The Hudsonia Study is meant to be tool for proper planning
Hudsonia's scope is broad, as stated in their introduction to SIGNIFICANT HABITATS IN THE TOWN OF WASHINGTON,
"Rural landscapes in the Hudson Valley are undergoing rapid change as farms and forest are converted to residential and commercial development. The consequences of rapid land development include widespread habitat degradation, habitat fragmentation, and the loss of native biodiversity. Although many land use decisions in the region are necessarily made on a site-by-site basis, the long-term viability of biological communities, habitats, and ecosystems requires consideration of whole landscapes. Local land use planning and decision making can be improved if general biodiversity information is available for large areas, such as whole towns, watersheds, or counties."
Regarding accuracy, the Hudsonia maps are produced much in the same way and rely on much of the same data sets as many of the maps that the Town of Washington will use for its wetland ordinance, and are of comparable reliability. In addition Hudsonia extensively field checks its maps and will do periodic updates if requested.
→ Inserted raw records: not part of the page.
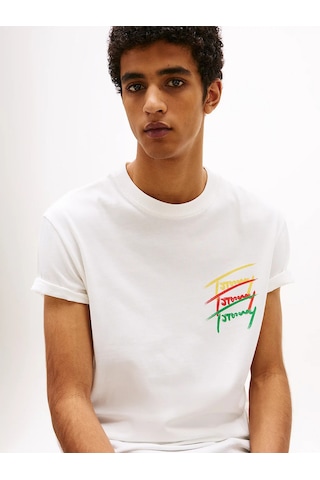 Tommy Hilfiger Tommy Hılfıger Erkek T-shırt Dm0dm20771-ybl Beyaz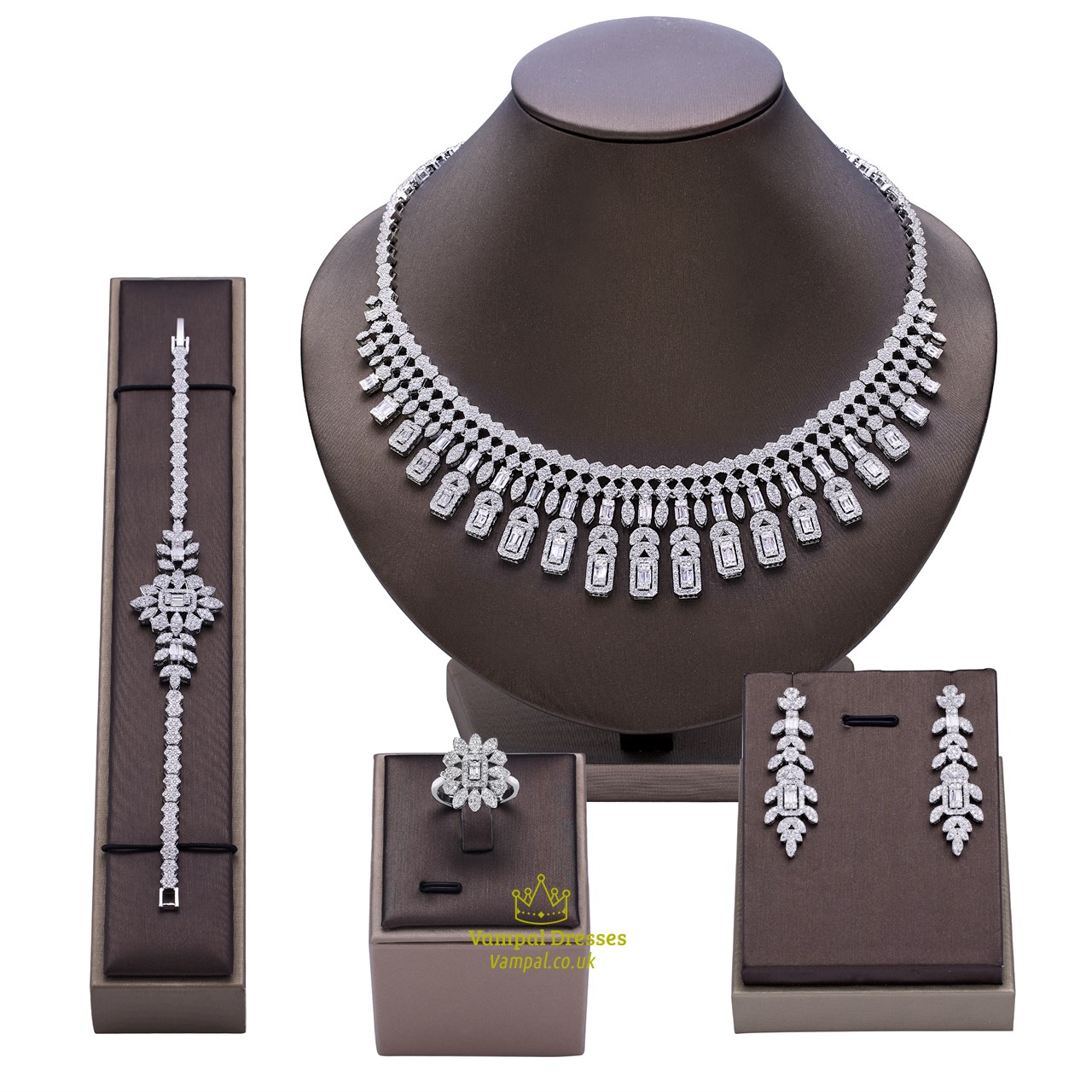 White Cubic Zirconia Jewelry Set For Women Bridal Party Wedding Accessories 4 Pcs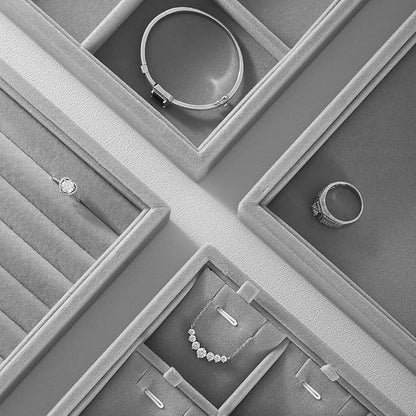 Velvet Ring Display Tray, Stackable Muilt Slot Rings Ear Stud Storage Tray - Image 8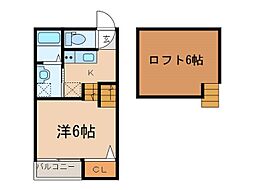 名古屋市営桜通線 桜本町駅 徒歩4分の賃貸アパート 1階1SKの間取り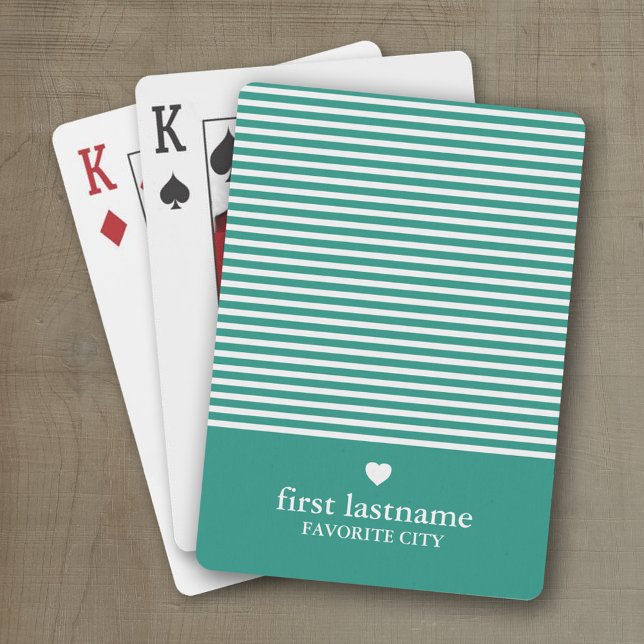 Modern Stripes with Upscale Heart Monogram Green Poker Cards (Personalized playing cards with a modern stripe pattern and a place for a name or monogram)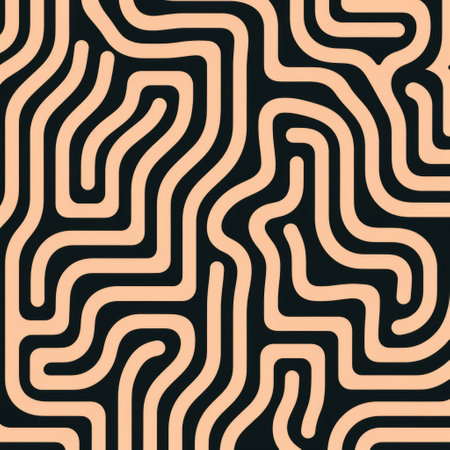 an abstract background featuring curved and circular shapes in a light orange and black color scheme. the simplified line work includes light pink and dark beige accents, creating linear outlines. this artwork showcases optical illusions with a unique squiggly line style reminiscent of keith haring's iconic designs. ai generatedの素材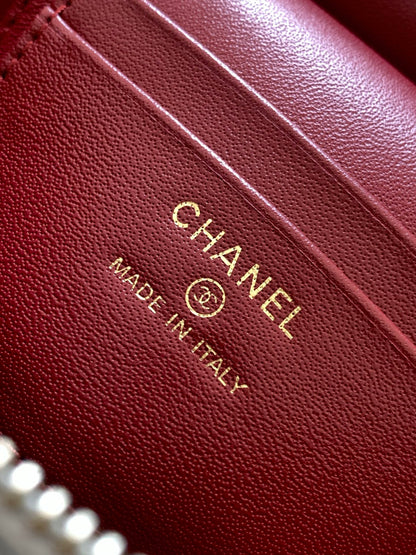 Chanel 26X Holiday Limited Silver Crackled Leather Vanity Box Bag Crossbody AP5049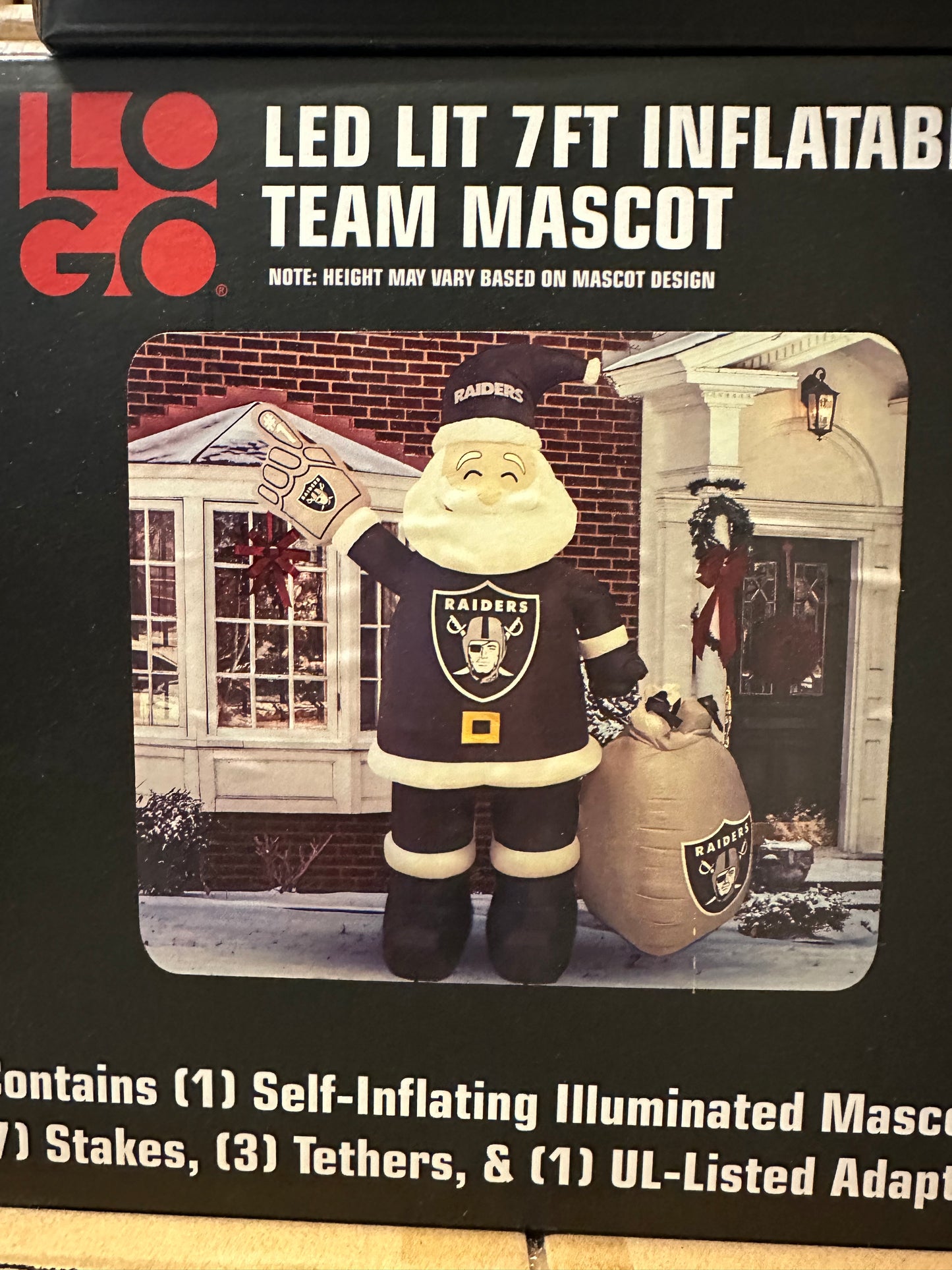 Raiders Inflatable Santa 7 Ft Tall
1. SIGNIFICANT HABITATS IN THE TOWN OF WASHINGTON
"Hudsonia Ltd. conducted habitat identification and mapping in the Town of Washington between February 2003 and March 2004. We received funding for this project from the Millbrook Tribute Garden and the Dyson Foundation, and support from the Dutchess Land Conservancy, the Washington Town Board, Planning Board, and Conservation Advisory Council, and Town of Washington
Through map analysis, aerial photograph interpretation, and field observations, we created a large-scale map showing the location and configuration of ecologically significant habitats throughout the town. Some of these habitats are rare or declining in the region, while others
are high quality examples of common habitats and habitat complexes. In total, we identified 24 different kinds of habitats in the Town of Washington that we consider to be of potential ecological importance. These included widespread, common habitats, such as upland forest, upland meadow, marsh, and hardwood swamp, as well as more unusual habitats such as fens, kettle shrub pools, and a circumneutral bog lake. In this report, we describe some of the ecological attributes of each habitat, and discuss some conservation measures that can help to protect the habitats and the species of conservation concern they may support."
"Hudsonia's training programs, and the "Biodiversity Assessment Manual," were designed especially for members of municipal agencies, such as Conservation Advisory Councils and Planning Boards, staff of land trusts, and other individuals regularly engaged in deliberations and decisions that bear directly on protection or destruction of biodiversity resources in the region."